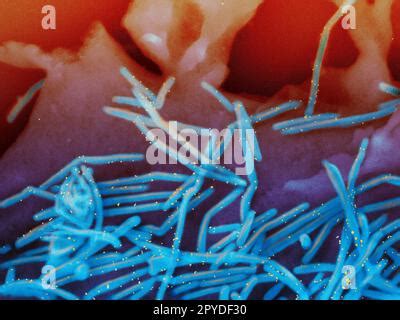 Human Respiratory Syncytial Virus Rsv Dise O Creativo Con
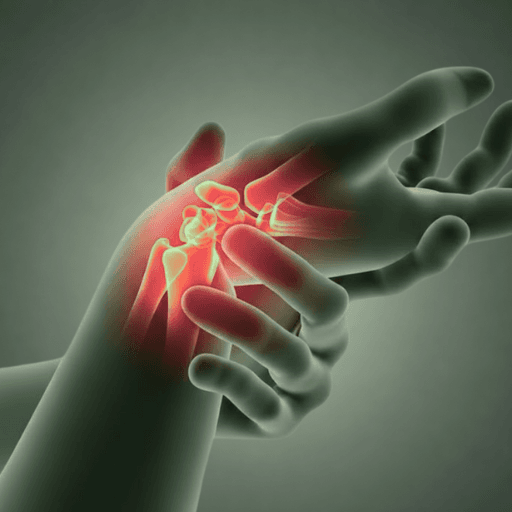 Knee joint illustration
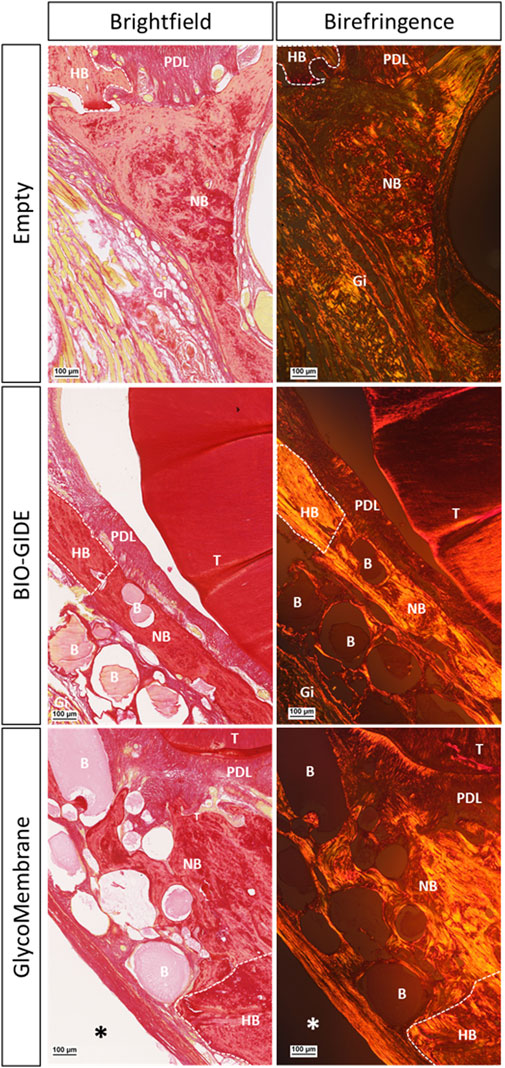 Histological images comparing tissue under brightfield and birefringence microscopy. The columns depict three conditions: Empty, Bio-Gide, and GlycoMembrane. Key labels include HB (host bone), NB (new bone), PDL (periodontal ligament), and Gi (gingiva) across different sections. Brightfield images show tissue morphology, while birefringence highlights collagen structures. Scale bars indicate 100 micrometers.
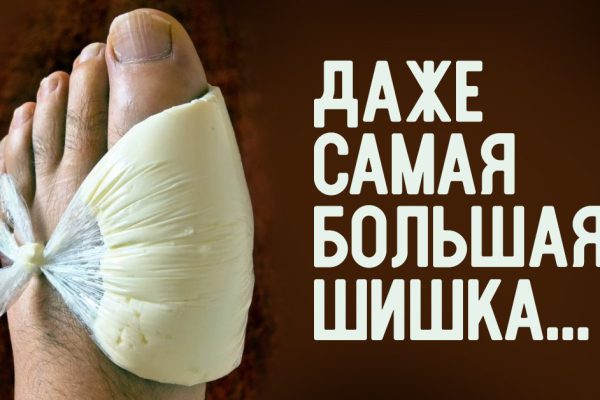 Даже самая большая шишка перестанет ныть! Чтобы суставы нижних конечностей…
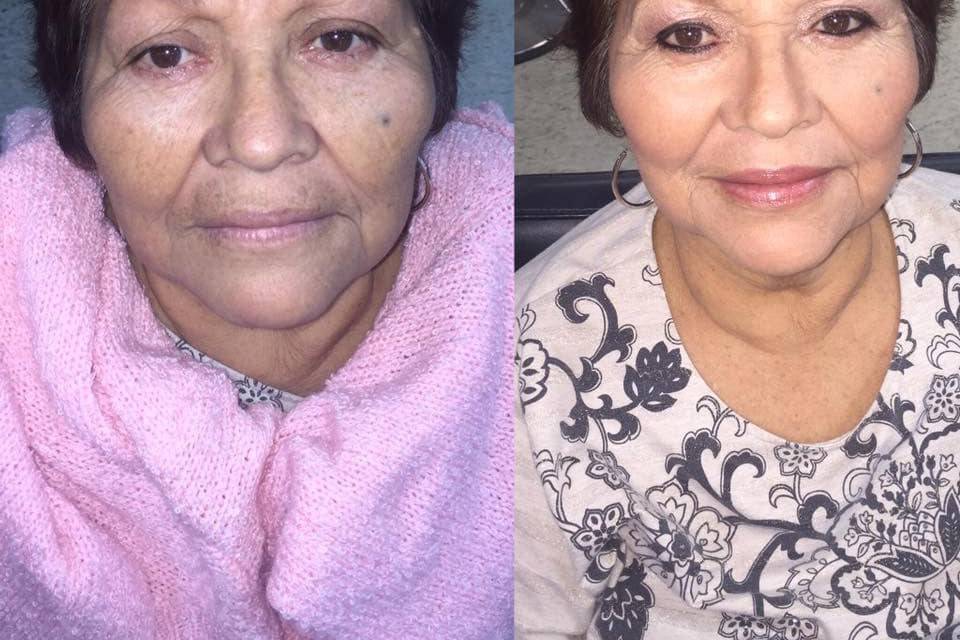 Before and after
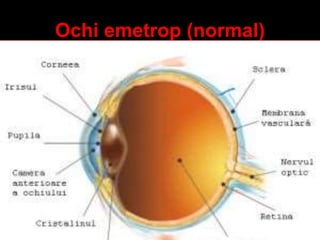 Ochi emetrop (normal) 
 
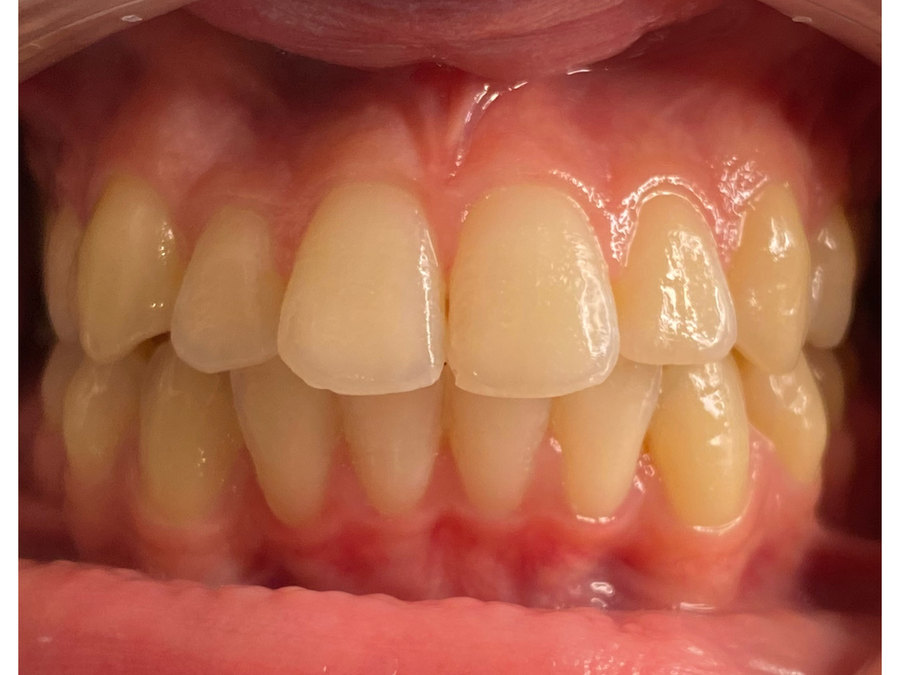 A client's teeth before the whitening session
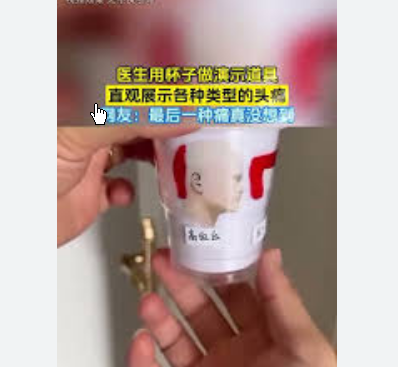 <strong>医生用杯子展示各种类型的头痛</strong>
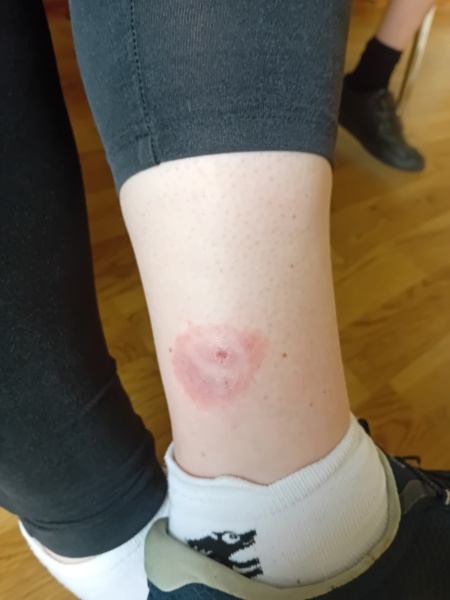Bite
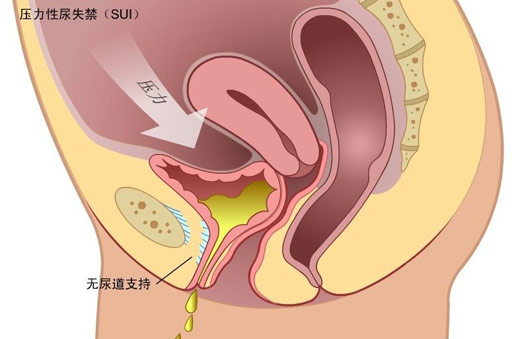 盆底康復(fù)之慢肌、快肌訓(xùn)練篇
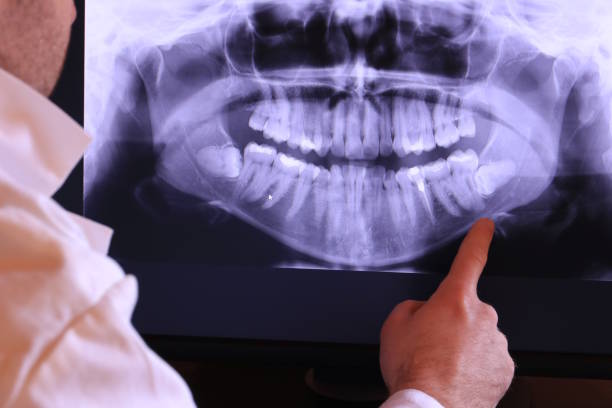 Best Emergency Dental Care for Abscessed Tooth in Edgeworth, PA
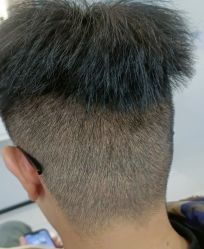 -大麦微针植发丨全国连锁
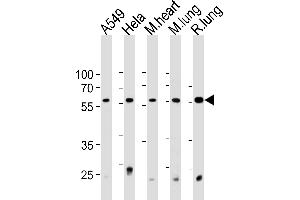 PRS4 Antibody (C-term) (ABIN1881692 and ABIN2843376) western blot analysis in A549,Hela cell line and mouse heart and lung,rat lung tissue lysates (35 μg/lane). (PSMC1 抗体  (C-Term))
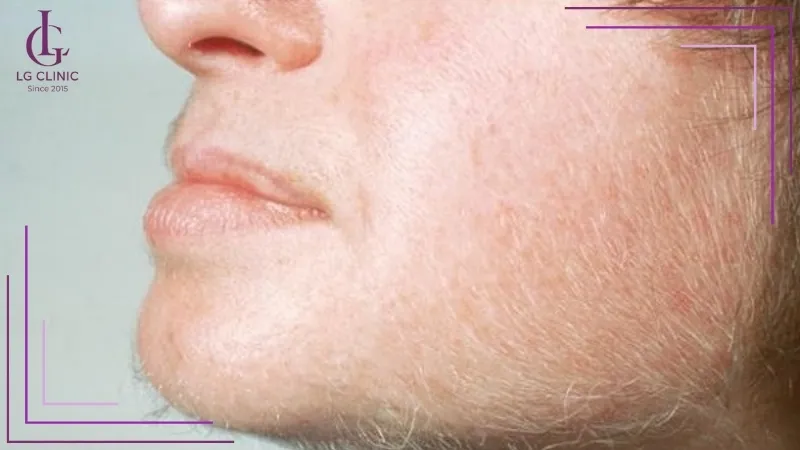 Lông trắng mọc trên mặt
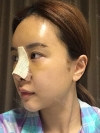 Operation: Nose — Korea cost, reviews & before-after | MISOODA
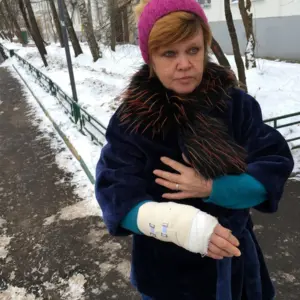 Зимняя одежда со сломанной рукой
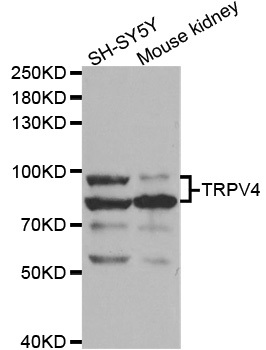 TRPV4 Antibody - Western blot analysis of extracts of various cell lines.
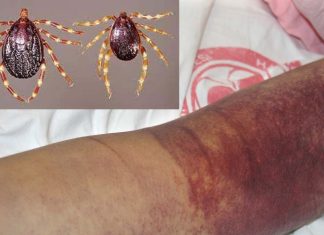 A new wave of Crimean-Congo hemorrhagic fever is spreading in Iraq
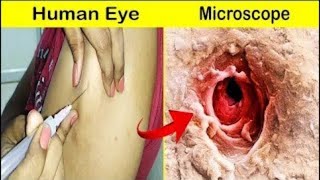 98% लोग नहीं जानते | Human Skin Under Microscope | microscopic things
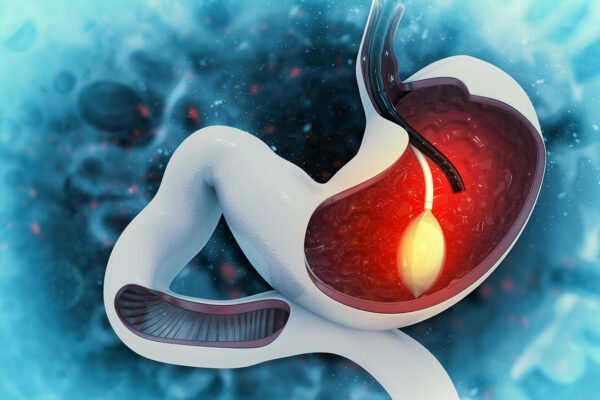 Gastric Balloon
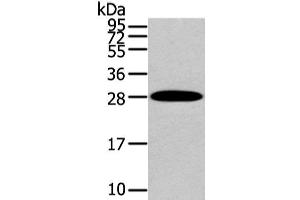 Western Blot analysis of Human liver cancer tissue using ZNF365 Polyclonal Antibody at dilution of 1/200 (ZNF365 Antikörper)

TASK ITEM> Of the lines above, copy only those from the one holding "Histological images comparing" to the one holding "A new wave of", both included, and exclude every image.

EXERCISE SOLUTION>
 Histological images comparing tissue under brightfield and birefringence microscopy. The columns depict three conditions: Empty, Bio-Gide, and GlycoMembrane. Key labels include HB (host bone), NB (new bone), PDL (periodontal ligament), and Gi (gingiva) across different sections. Brightfield images show tissue morphology, while birefringence highlights collagen structures. Scale bars indicate 100 micrometers.
 Даже самая большая шишка перестанет ныть! Чтобы суставы нижних конечностей…
 Before and after
 Ochi emetrop (normal) 
 
 A client's teeth before the whitening session
 <strong>医生用杯子展示各种类型的头痛</strong>
Bite
 盆底康復(fù)之慢肌、快肌訓(xùn)練篇
 Best Emergency Dental Care for Abscessed Tooth in Edgeworth, PA
 -大麦微针植发丨全国连锁
 PRS4 Antibody (C-term) (ABIN1881692 and ABIN2843376) western blot analysis in A549,Hela cell line and mouse heart and lung,rat lung tissue lysates (35 μg/lane). (PSMC1 抗体  (C-Term))
 Lông trắng mọc trên mặt
 Operation: Nose — Korea cost, reviews & before-after | MISOODA
 Зимняя одежда со сломанной рукой
 TRPV4 Antibody - Western blot analysis of extracts of various cell lines.
 A new wave of Crimean-Congo hemorrhagic fever is spreading in Iraq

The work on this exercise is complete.